Cartaz Adultos à Força |
Adultos à Força - The Party of Five, tema BoDeans, série co-criada por Christopher Keyser e Amy Lippman
Nem todas as séries faziam-se de explosões, libertação de reféns com final feliz, os anos 80 e 90 também retratavam temáticas mais dramáticas que reflectiam os problemas vulgares da sociedade. Nesse sentido, Adultos à Força - Party of Five - tinha como enredo cinco irmãos órfãos que tinham de se ajudar mutuamente para resistirem aos problemas da vida sem suporte parental, perda que resultou de um acidente de viação. A série acontece em São Francisco e tem como elenco Charlie (Matthew Fox), o irmão mais velho, mulherengo e imaturo que é obrigado a assumir a responsabilidade por se ter tornado o novo chefe da família, Bailey (Scott Wolf), o adolescente rebelde forçado a assumir o papel responsável e levado pela frustração é consumidor de álcool; Julia (Neve Campbell), uma adolescente sensível que mais tarde lida com uma relação de violência doméstica, a prodigiosa e talentosa músico Claudia (Lacey Chabert), e o bebé Owen que fica ao cuidado dos irmãos.
O tema dos BoDeans do álbum Go Slown Down, lançado em 1993, foi escolhido para o genérico da série, e cuja lírica inspira ao sentido de ajuda colectiva e recíproca.
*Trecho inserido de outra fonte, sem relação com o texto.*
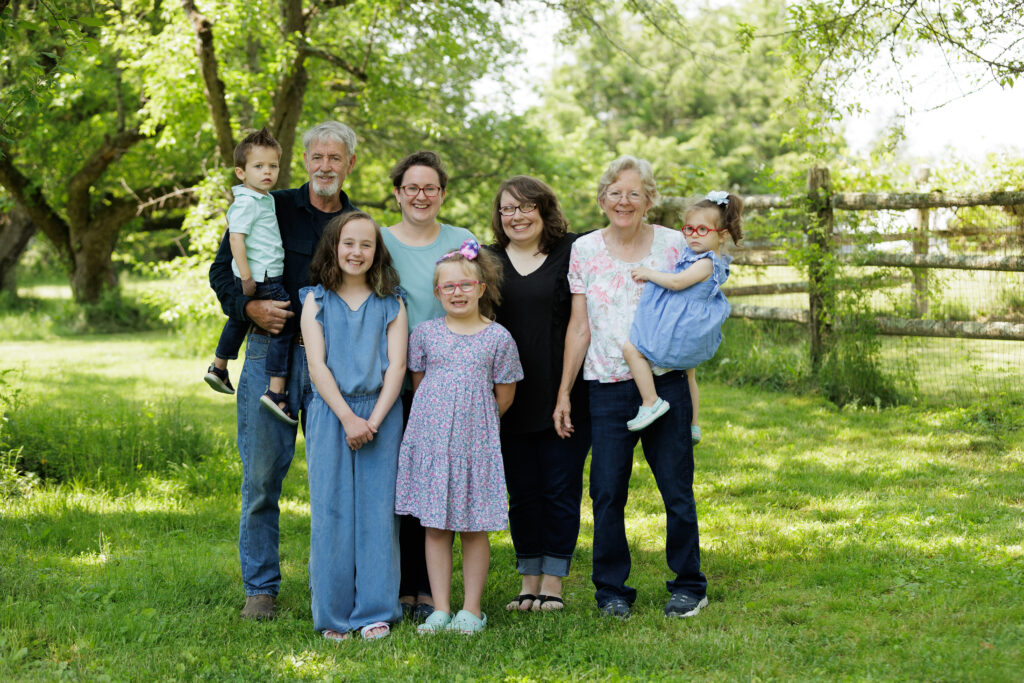 P5BueTrA50pZ-Family_061123_0132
Nem sempre os temas dos genéricos seriam uma encomenda para trazer uma identidade própria aos mesmos, adaptações ou inclusões seriam outra estratégia.
X Files - tema criado por Mark Snow, série criada por Chris Carter
Nos anos 90 fomos surpreendidos por esta série de ficção científica criada por Chris Carter e tinha como protagonista o casal Fox Mulder (David Duchovny) e Dana Scully (Gillian Leigh Anderson) para desvendar os mistérios e fenómenos mais surreais alguma vez imaginados. Uma mistura da estranheza de Twin Peaks, d'O Bom, O Mau e O Vilão de Enio Morricone com o lado mais plástico de Carpenter, é quase a fórmula do tema deste genérico composto por Mark Snow que incluiu o "echo effect" por acidente e sem saber tinha criado a identidade certa para o tema do genérico. O compositor sentiu que faltava algo para o tema e por casualidade Snow, motivado pela frustração, tocou no órgão e foi assim que surgiu o efeito que trouxe a estranheza necessária para o tema de X Files. A melodia do assobio surge de uma amostra antiga da linha Proteus de produtos de sintetizadores chamada "Whistling Joe" e foi gravado com o assobio da esposa de Snow, Glynn.
Conclusão:
Mais séries ficaram por referir: The Young Riders, Dinosaurs, Highlander, Tartarugas Ninja, e tantas outras. Nos anos 80 e 90 fomos introduzidos a muitas séries com genéricos tão importantes quanto os conteúdos que dali viriam. Hoje, de olhos fechados, sabemos de cor e salteado as séries só de ouvir o tema do genérico. O que a nostalgia tem de interessante é que o que é bom perdura no tempo, pois leva a revisitar lugares e imaginários que não serão esquecidos. Hoje, sente-se esse revivalismo no ar, com bandas, séries e filmes que se inspiram nessas décadas. Assim se molda o tempo e enaltece-se este sentido de pertença.